** Opening Input data block **

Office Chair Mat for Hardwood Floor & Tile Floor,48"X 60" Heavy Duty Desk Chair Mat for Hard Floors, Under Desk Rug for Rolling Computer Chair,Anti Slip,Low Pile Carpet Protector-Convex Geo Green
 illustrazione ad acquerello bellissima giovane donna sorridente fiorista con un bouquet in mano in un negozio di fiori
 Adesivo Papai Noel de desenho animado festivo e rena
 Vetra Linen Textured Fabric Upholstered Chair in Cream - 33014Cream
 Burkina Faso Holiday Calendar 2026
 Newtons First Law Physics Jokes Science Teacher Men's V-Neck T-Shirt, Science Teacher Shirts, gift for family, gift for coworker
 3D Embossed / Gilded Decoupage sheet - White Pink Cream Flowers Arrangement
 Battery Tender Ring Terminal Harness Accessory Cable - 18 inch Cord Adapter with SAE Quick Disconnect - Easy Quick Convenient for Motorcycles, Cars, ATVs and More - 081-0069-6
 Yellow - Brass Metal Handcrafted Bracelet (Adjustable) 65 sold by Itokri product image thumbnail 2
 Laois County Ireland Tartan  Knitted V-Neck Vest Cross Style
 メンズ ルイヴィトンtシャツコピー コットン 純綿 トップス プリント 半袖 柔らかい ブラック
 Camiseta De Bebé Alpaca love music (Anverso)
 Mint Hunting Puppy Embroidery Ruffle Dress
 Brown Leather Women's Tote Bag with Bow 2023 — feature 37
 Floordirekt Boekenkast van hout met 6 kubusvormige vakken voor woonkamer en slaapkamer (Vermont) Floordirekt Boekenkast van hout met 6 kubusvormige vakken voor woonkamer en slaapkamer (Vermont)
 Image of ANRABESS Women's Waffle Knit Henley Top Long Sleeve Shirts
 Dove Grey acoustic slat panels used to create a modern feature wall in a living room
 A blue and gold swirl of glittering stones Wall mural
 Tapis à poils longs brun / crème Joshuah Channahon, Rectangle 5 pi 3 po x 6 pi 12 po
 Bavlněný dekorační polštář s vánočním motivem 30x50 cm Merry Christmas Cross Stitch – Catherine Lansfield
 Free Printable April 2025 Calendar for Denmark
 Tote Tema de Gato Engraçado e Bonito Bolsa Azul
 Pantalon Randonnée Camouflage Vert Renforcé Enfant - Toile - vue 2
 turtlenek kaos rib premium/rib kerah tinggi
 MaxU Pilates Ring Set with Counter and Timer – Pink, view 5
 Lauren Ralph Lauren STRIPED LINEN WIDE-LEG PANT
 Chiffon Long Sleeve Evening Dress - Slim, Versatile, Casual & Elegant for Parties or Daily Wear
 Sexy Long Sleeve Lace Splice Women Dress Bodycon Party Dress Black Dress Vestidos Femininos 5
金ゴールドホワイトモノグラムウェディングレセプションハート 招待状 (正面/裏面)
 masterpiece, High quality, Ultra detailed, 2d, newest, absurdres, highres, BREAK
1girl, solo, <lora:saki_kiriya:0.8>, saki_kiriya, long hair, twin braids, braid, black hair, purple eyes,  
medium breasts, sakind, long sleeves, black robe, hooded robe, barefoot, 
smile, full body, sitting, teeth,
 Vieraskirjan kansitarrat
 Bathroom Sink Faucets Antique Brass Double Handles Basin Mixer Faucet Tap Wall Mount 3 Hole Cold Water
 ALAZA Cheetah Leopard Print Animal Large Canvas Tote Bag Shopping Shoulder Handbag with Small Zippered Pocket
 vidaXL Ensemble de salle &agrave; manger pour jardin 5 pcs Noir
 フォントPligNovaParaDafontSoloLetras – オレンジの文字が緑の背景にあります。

** Closing Input data block **

◆ **Instructions for the task**
In the records above, find each line with the string "Chair" and list it.

◆ **Answer to the exercise**
Office Chair Mat for Hardwood Floor & Tile Floor,48"X 60" Heavy Duty Desk Chair Mat for Hard Floors, Under Desk Rug for Rolling Computer Chair,Anti Slip,Low Pile Carpet Protector-Convex Geo Green
 Vetra Linen Textured Fabric Upholstered Chair in Cream - 33014Cream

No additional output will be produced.